P.s.: Use details when You answer, please.Last edited by m34n on Tue Apr 06, 2010 12:13 pm; edited 1 time in total

----------

## audiodef

You want to turn OFF framebuffer? If you do that, you won't be able to see anything until and if your graphical login manager starts (which is when Xorg takes over). I don't think you want that. 

Check out Pappy's Kernel Seeds at http://kernel-seeds.org and follow the instructions for setting up a config. Read the relevant sections about graphics drivers. 

Let us know how it turns out!   :Cool: 

----------

## Sadako

 *audiodef wrote:*   

> You want to turn OFF framebuffer? If you do that, you won't be able to see anything until and if your graphical login manager starts (which is when Xorg takes over).

 Um, no, that would only apply if you were to build your kernel without VGA console support...

m34n: it might be best if you just posted your kernel config (or better yet a link to it), your kernel command line (/proc/cmdline), and maybe your lsmod output too.

----------

## m34n

 *audiodef wrote:*   

> You want to turn OFF framebuffer? If you do that, you won't be able to see anything until and if your graphical login manager starts (which is when Xorg takes over). I don't think you want that. 
> 
> Check out Pappy's Kernel Seeds at http://kernel-seeds.org and follow the instructions for setting up a config. Read the relevant sections about graphics drivers. 
> 
> Let us know how it turns out!  

 

Strange. Not the whole framebuffer, the CONFIG_FRAMEBUFFER_CONSOLE only. The link is also wrong.

----------

## m34n

 *Hopeless wrote:*   

>  *audiodef wrote:*   You want to turn OFF framebuffer? If you do that, you won't be able to see anything until and if your graphical login manager starts (which is when Xorg takes over). Um, no, that would only apply if you were to build your kernel without VGA console support...
> 
> m34n: it might be best if you just posted your kernel config (or better yet a link to it), your kernel command line (/proc/cmdline), and maybe your lsmod output too.

 

It was a bit difficult without flashplayer, but successed:

.config:

http://docs.google.com/Doc?docid=0AUc5RcNL32mdZGZyZnhnN2dfMGM1NHZjOWNn&hl=hu

my kernel command line is:

root=/dev/sda3 (if it is what you need)

and the output of lsmod:

http://docs.google.com/Doc?docid=0AUc5RcNL32mdZGZyZnhnN2dfMWZ3NzhrOWdy&hl=hu

----------

## Sadako

Okay, just had a quick look, you have a lot of things enabled which I suspect you don't need.
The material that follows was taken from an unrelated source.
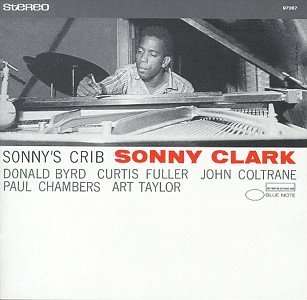 Sonny Clark (1931-1963): Sonny's Crib, CD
wrt this particular issue, you have 'CONFIG_FB_RADEON' enabled, which is the radeon framebuffer driver, and is completely unrelated and unnecessary to use the radeon drivers for x11.

Just disable that and all the other drivers under the framebuffer section in menuconfig, and to disable the framebuffer section completely you'll need to disable the the KMS option for intel's i915 (which is one of the things I suspect you don't need at all...).

----------

## m34n

 *Hopeless wrote:*   

> Okay, just had a quick look, you have a lot of things enabled which I suspect you don't need.
> 
> wrt this particular issue, you have 'CONFIG_FB_RADEON' enabled, which is the radeon framebuffer driver, and is completely unrelated and unnecessary to use the radeon drivers for x11.
> 
> Just disable that and all the other drivers under the framebuffer section in menuconfig, and to disable the framebuffer section completely you'll need to disable the the KMS option for intel's i915 (which is one of the things I suspect you don't need at all...).

 

emerge is running now, but after I will do it and publicate the results. //note: I've already downloded newest kernel from http://kernel.org/, maybe that will be the one//

----------

## m34n

 *Hopeless wrote:*   

> Okay, just had a quick look, you have a lot of things enabled which I suspect you don't need.
> 
> wrt this particular issue, you have 'CONFIG_FB_RADEON' enabled, which is the radeon framebuffer driver, and is completely unrelated and unnecessary to use the radeon drivers for x11.
> 
> Just disable that and all the other drivers under the framebuffer section in menuconfig, and to disable the framebuffer section completely you'll need to disable the the KMS option for intel's i915 (which is one of the things I suspect you don't need at all...).

 

It was the reason. Thanks.

----------